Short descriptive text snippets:
******************************

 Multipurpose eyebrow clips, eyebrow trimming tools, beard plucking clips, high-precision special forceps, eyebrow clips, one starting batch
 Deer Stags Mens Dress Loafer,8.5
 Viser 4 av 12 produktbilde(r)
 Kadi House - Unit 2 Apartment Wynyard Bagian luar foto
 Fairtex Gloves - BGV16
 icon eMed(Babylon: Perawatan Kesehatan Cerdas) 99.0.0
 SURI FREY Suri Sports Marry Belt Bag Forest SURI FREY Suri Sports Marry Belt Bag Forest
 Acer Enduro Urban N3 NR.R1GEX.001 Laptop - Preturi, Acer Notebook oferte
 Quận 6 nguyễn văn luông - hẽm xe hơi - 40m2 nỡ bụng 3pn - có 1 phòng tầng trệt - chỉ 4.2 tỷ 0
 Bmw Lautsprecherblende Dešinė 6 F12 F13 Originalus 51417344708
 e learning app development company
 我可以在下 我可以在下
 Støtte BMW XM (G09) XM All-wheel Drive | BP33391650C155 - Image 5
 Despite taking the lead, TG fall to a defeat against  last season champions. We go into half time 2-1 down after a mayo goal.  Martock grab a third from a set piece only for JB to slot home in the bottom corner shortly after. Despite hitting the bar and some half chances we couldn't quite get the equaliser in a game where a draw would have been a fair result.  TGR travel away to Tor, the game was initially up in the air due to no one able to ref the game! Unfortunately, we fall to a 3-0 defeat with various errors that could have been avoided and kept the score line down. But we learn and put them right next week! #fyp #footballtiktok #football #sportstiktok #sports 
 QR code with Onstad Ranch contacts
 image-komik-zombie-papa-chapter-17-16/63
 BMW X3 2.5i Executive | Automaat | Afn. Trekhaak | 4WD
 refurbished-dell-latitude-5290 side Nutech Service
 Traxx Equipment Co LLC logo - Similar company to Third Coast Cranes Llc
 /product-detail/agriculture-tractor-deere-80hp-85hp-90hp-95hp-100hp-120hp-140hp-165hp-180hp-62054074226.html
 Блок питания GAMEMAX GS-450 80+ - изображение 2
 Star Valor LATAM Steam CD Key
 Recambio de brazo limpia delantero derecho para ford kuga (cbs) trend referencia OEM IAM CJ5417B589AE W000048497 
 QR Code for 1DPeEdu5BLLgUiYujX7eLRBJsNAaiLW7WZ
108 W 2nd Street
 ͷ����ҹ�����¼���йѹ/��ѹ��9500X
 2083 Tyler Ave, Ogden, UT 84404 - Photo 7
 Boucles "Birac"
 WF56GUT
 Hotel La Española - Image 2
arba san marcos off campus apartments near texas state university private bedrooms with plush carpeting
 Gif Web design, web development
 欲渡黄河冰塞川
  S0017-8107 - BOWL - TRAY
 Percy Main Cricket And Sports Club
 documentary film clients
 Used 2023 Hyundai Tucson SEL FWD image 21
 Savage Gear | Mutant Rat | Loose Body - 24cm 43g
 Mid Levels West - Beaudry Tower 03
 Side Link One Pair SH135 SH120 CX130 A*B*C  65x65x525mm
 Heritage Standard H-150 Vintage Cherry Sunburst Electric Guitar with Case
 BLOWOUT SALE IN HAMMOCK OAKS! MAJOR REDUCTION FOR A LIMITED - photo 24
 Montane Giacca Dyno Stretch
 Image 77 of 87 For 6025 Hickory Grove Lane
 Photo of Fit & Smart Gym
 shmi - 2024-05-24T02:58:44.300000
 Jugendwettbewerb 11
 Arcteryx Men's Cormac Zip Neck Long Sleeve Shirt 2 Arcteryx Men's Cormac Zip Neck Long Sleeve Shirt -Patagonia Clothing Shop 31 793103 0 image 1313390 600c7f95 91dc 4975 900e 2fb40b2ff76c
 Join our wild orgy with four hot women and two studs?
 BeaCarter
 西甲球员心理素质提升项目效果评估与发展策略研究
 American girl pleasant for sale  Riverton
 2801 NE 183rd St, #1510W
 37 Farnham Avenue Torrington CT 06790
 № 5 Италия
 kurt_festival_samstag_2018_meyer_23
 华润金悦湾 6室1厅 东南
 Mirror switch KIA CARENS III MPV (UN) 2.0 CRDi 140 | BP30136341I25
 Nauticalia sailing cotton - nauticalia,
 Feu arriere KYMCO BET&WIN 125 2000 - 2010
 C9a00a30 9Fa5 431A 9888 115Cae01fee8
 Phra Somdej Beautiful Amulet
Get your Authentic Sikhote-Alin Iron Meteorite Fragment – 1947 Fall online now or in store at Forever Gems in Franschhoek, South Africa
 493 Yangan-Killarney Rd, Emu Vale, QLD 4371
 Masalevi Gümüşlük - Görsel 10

******************************

Set all of the records down again, exactly as they stand.

Solution for this exercise -
 Multipurpose eyebrow clips, eyebrow trimming tools, beard plucking clips, high-precision special forceps, eyebrow clips, one starting batch
 Deer Stags Mens Dress Loafer,8.5
 Viser 4 av 12 produktbilde(r)
 Kadi House - Unit 2 Apartment Wynyard Bagian luar foto
 Fairtex Gloves - BGV16
 icon eMed(Babylon: Perawatan Kesehatan Cerdas) 99.0.0
 SURI FREY Suri Sports Marry Belt Bag Forest SURI FREY Suri Sports Marry Belt Bag Forest
 Acer Enduro Urban N3 NR.R1GEX.001 Laptop - Preturi, Acer Notebook oferte
 Quận 6 nguyễn văn luông - hẽm xe hơi - 40m2 nỡ bụng 3pn - có 1 phòng tầng trệt - chỉ 4.2 tỷ 0
 Bmw Lautsprecherblende Dešinė 6 F12 F13 Originalus 51417344708
 e learning app development company
 我可以在下 我可以在下
 Støtte BMW XM (G09) XM All-wheel Drive | BP33391650C155 - Image 5
 Despite taking the lead, TG fall to a defeat against  last season champions. We go into half time 2-1 down after a mayo goal.  Martock grab a third from a set piece only for JB to slot home in the bottom corner shortly after. Despite hitting the bar and some half chances we couldn't quite get the equaliser in a game where a draw would have been a fair result.  TGR travel away to Tor, the game was initially up in the air due to no one able to ref the game! Unfortunately, we fall to a 3-0 defeat with various errors that could have been avoided and kept the score line down. But we learn and put them right next week! #fyp #footballtiktok #football #sportstiktok #sports 
 QR code with Onstad Ranch contacts
 image-komik-zombie-papa-chapter-17-16/63
 BMW X3 2.5i Executive | Automaat | Afn. Trekhaak | 4WD
 refurbished-dell-latitude-5290 side Nutech Service
 Traxx Equipment Co LLC logo - Similar company to Third Coast Cranes Llc
 /product-detail/agriculture-tractor-deere-80hp-85hp-90hp-95hp-100hp-120hp-140hp-165hp-180hp-62054074226.html
 Блок питания GAMEMAX GS-450 80+ - изображение 2
 Star Valor LATAM Steam CD Key
 Recambio de brazo limpia delantero derecho para ford kuga (cbs) trend referencia OEM IAM CJ5417B589AE W000048497 
 QR Code for 1DPeEdu5BLLgUiYujX7eLRBJsNAaiLW7WZ
108 W 2nd Street
 ͷ����ҹ�����¼���йѹ/��ѹ��9500X
 2083 Tyler Ave, Ogden, UT 84404 - Photo 7
 Boucles "Birac"
 WF56GUT
 Hotel La Española - Image 2
arba san marcos off campus apartments near texas state university private bedrooms with plush carpeting
 Gif Web design, web development
 欲渡黄河冰塞川
  S0017-8107 - BOWL - TRAY
 Percy Main Cricket And Sports Club
 documentary film clients
 Used 2023 Hyundai Tucson SEL FWD image 21
 Savage Gear | Mutant Rat | Loose Body - 24cm 43g
 Mid Levels West - Beaudry Tower 03
 Side Link One Pair SH135 SH120 CX130 A*B*C  65x65x525mm
 Heritage Standard H-150 Vintage Cherry Sunburst Electric Guitar with Case
 BLOWOUT SALE IN HAMMOCK OAKS! MAJOR REDUCTION FOR A LIMITED - photo 24
 Montane Giacca Dyno Stretch
 Image 77 of 87 For 6025 Hickory Grove Lane
 Photo of Fit & Smart Gym
 shmi - 2024-05-24T02:58:44.300000
 Jugendwettbewerb 11
 Arcteryx Men's Cormac Zip Neck Long Sleeve Shirt 2 Arcteryx Men's Cormac Zip Neck Long Sleeve Shirt -Patagonia Clothing Shop 31 793103 0 image 1313390 600c7f95 91dc 4975 900e 2fb40b2ff76c
 Join our wild orgy with four hot women and two studs?
 BeaCarter
 西甲球员心理素质提升项目效果评估与发展策略研究
 American girl pleasant for sale  Riverton
 2801 NE 183rd St, #1510W
 37 Farnham Avenue Torrington CT 06790
 № 5 Италия
 kurt_festival_samstag_2018_meyer_23
 华润金悦湾 6室1厅 东南
 Mirror switch KIA CARENS III MPV (UN) 2.0 CRDi 140 | BP30136341I25
 Nauticalia sailing cotton - nauticalia,
 Feu arriere KYMCO BET&WIN 125 2000 - 2010
 C9a00a30 9Fa5 431A 9888 115Cae01fee8
 Phra Somdej Beautiful Amulet
Get your Authentic Sikhote-Alin Iron Meteorite Fragment – 1947 Fall online now or in store at Forever Gems in Franschhoek, South Africa
 493 Yangan-Killarney Rd, Emu Vale, QLD 4371
 Masalevi Gümüşlük - Görsel 10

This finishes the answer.